Nothing but the pictures is dropped; write out all the remaining data below exactly.

═════ DATA BELOW

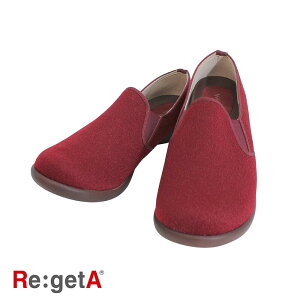 yNAXZ[F3,900~zQb^ nRSXb| {h[ 3.5cm / C RtH[gV[Y ɂȂ ₷ C ɂ ₷ ؂ y` fB[Xy R-313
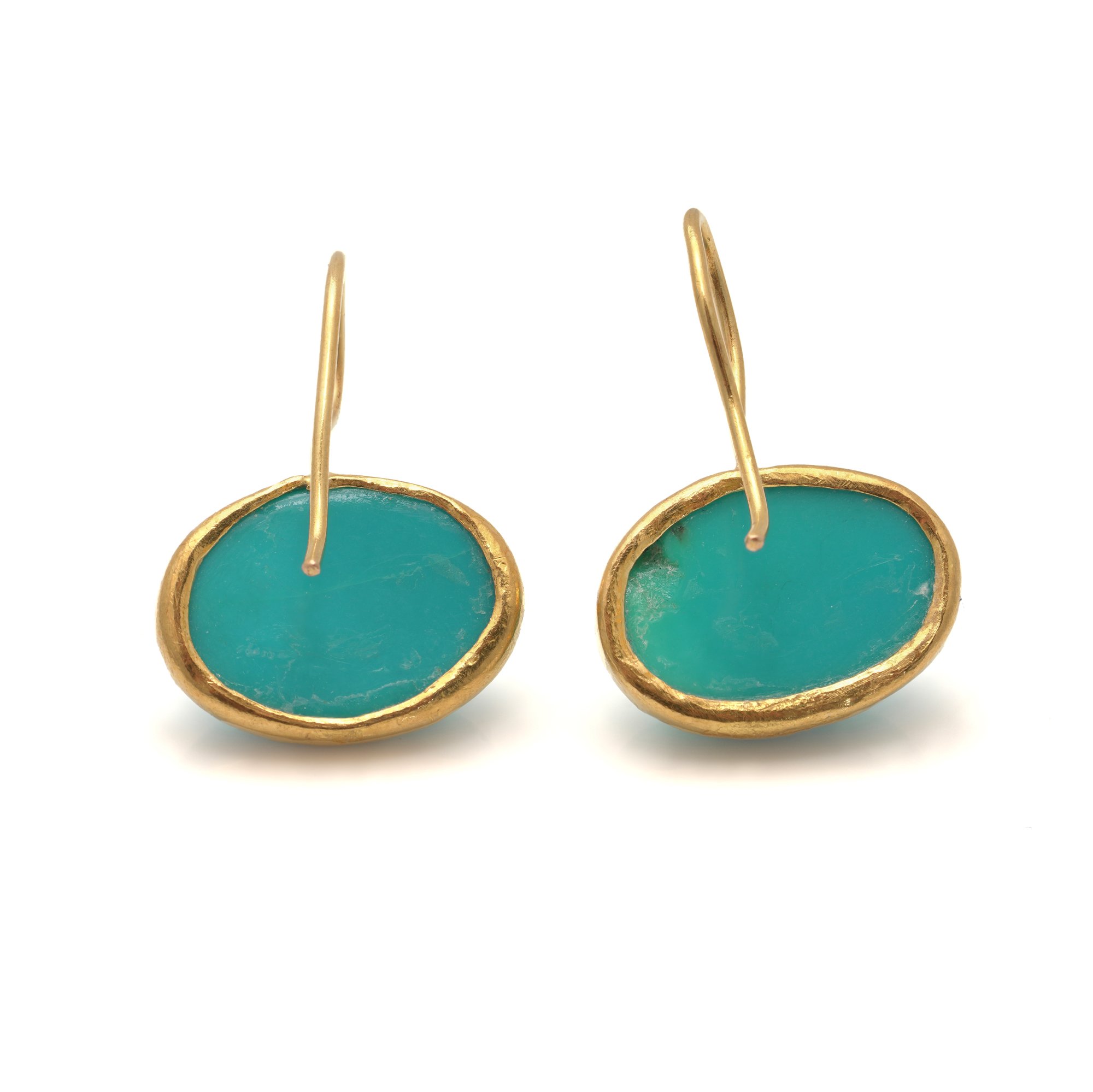 mozeris-fine-antiques-antique-early-20th-century-18kt-gold-turquoise-drop-earrings4.jpg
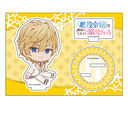 ����ߏ�͗׍��̉����q�ɓM������� �؂��� ����̨�ޭ� ���Ų�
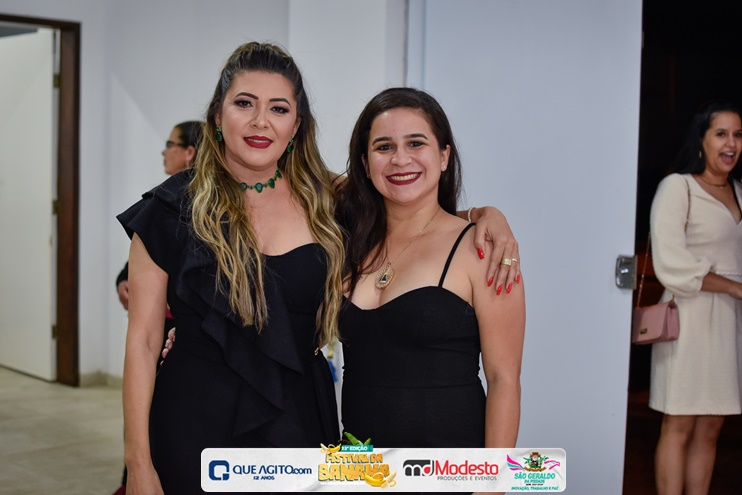 _DSC0068 Eduardo Costa é destaque na segunda noite do Festival da Banana em São Geraldo da Piedade-MG 47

══════════

ANSWER FOR THE TASK:
 yNAXZ[F3,900~zQb^ nRSXb| {h[ 3.5cm / C RtH[gV[Y ɂȂ ₷ C ɂ ₷ ؂ y` fB[Xy R-313
 mozeris-fine-antiques-antique-early-20th-century-18kt-gold-turquoise-drop-earrings4.jpg
 ����ߏ�͗׍��̉����q�ɓM������� �؂��� ����̨�ޭ� ���Ų�
 _DSC0068 Eduardo Costa é destaque na segunda noite do Festival da Banana em São Geraldo da Piedade-MG 47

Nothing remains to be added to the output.